_What is required_
Transcribe every line from the one containing "#blog #blogoftheweek #writer" through the end of the records below, exactly, but not the pictures.

_Record set_
##########

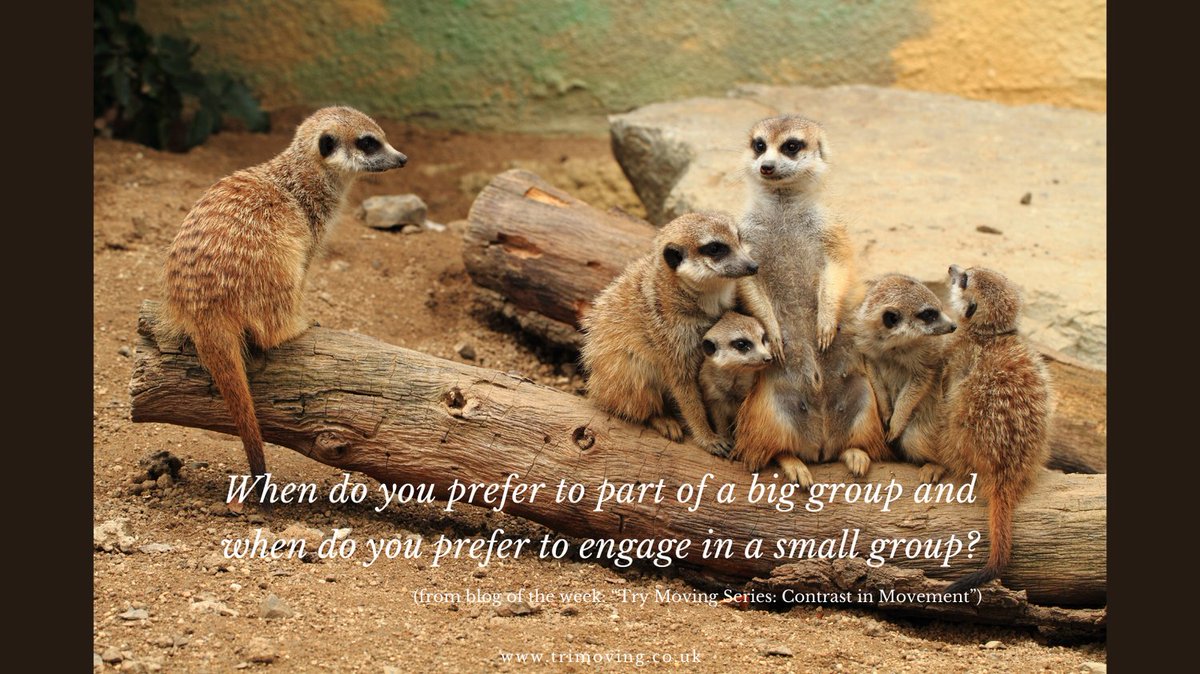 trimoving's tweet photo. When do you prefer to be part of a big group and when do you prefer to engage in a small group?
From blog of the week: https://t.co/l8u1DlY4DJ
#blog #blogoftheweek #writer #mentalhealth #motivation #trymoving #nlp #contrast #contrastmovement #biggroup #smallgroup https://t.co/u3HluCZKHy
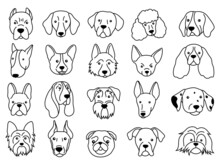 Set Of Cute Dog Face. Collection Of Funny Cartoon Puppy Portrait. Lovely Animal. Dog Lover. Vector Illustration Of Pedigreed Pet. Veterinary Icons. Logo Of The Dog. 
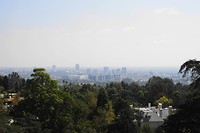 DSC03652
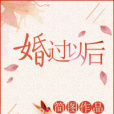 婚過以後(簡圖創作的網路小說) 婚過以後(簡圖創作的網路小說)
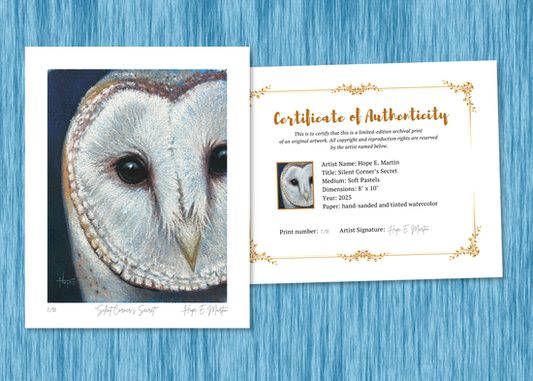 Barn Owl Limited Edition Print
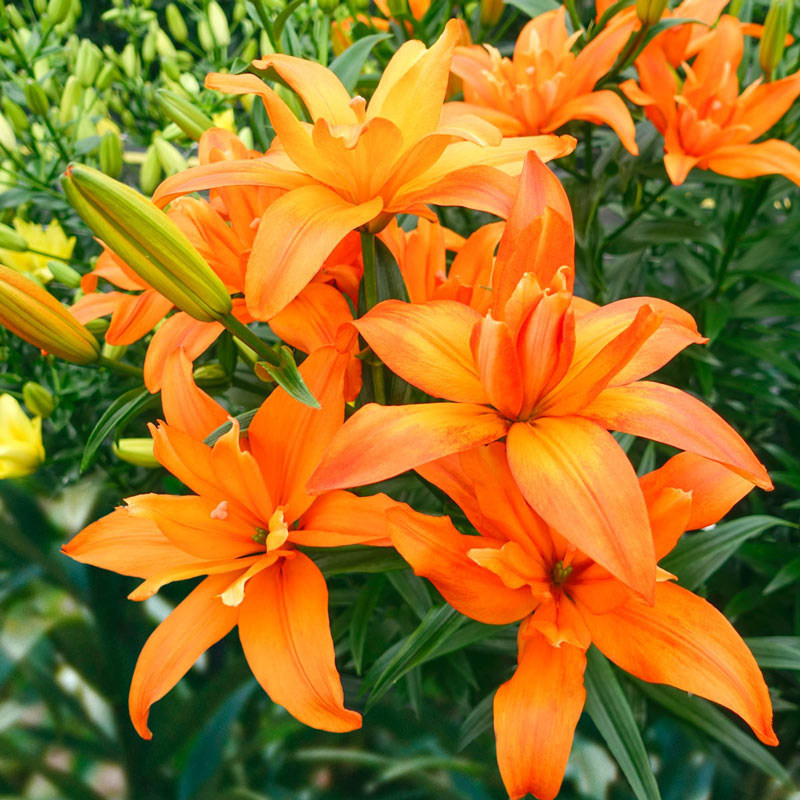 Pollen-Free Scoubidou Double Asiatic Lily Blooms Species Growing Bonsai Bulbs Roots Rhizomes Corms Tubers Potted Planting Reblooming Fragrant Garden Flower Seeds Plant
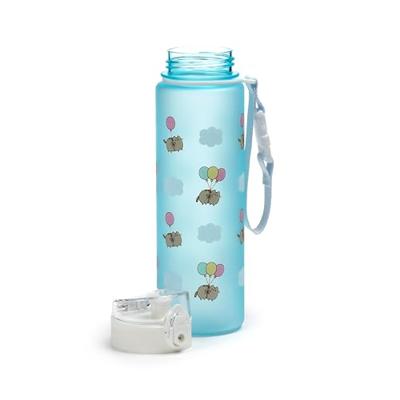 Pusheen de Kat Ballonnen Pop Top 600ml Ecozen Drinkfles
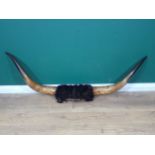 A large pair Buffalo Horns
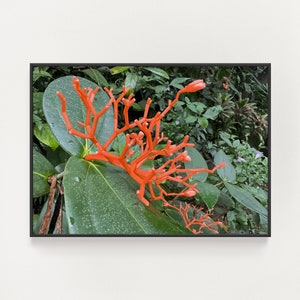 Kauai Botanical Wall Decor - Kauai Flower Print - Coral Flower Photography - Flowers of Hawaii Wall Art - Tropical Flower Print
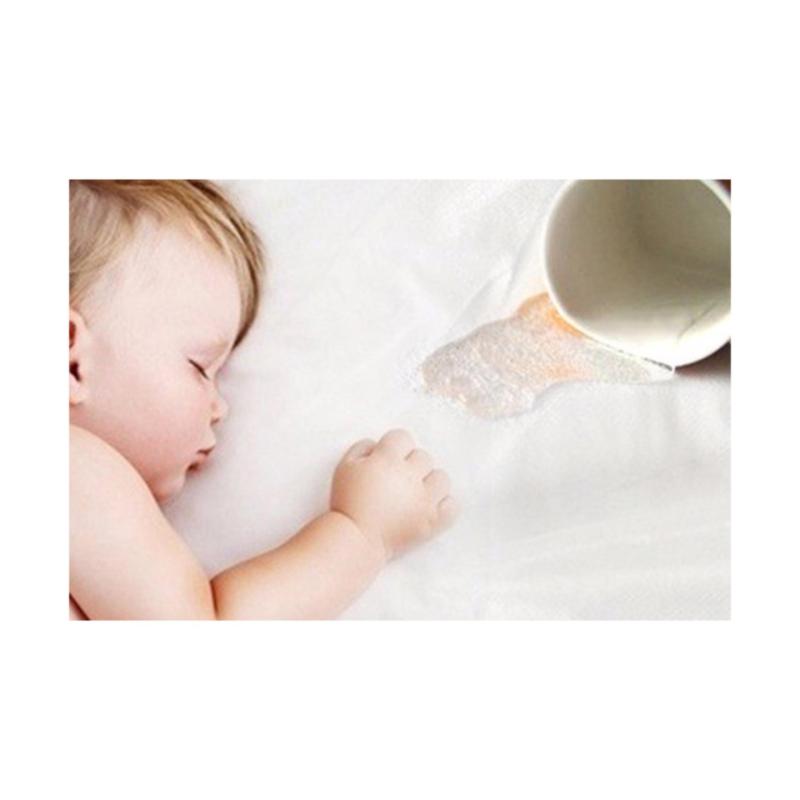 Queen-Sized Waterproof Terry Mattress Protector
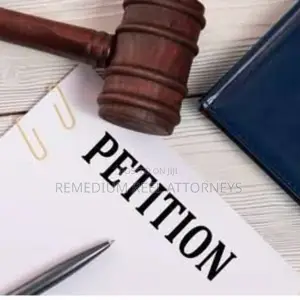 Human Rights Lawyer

##########

_Response box_
#blog #blogoftheweek #writer #mentalhealth #motivation #trymoving #nlp #contrast #contrastmovement #biggroup #smallgroup https://t.co/u3HluCZKHy
 Set Of Cute Dog Face. Collection Of Funny Cartoon Puppy Portrait. Lovely Animal. Dog Lover. Vector Illustration Of Pedigreed Pet. Veterinary Icons. Logo Of The Dog. 
 DSC03652
 婚過以後(簡圖創作的網路小說) 婚過以後(簡圖創作的網路小說)
 Barn Owl Limited Edition Print
 Pollen-Free Scoubidou Double Asiatic Lily Blooms Species Growing Bonsai Bulbs Roots Rhizomes Corms Tubers Potted Planting Reblooming Fragrant Garden Flower Seeds Plant
 Pusheen de Kat Ballonnen Pop Top 600ml Ecozen Drinkfles
 A large pair Buffalo Horns
 Kauai Botanical Wall Decor - Kauai Flower Print - Coral Flower Photography - Flowers of Hawaii Wall Art - Tropical Flower Print
 Queen-Sized Waterproof Terry Mattress Protector
 Human Rights Lawyer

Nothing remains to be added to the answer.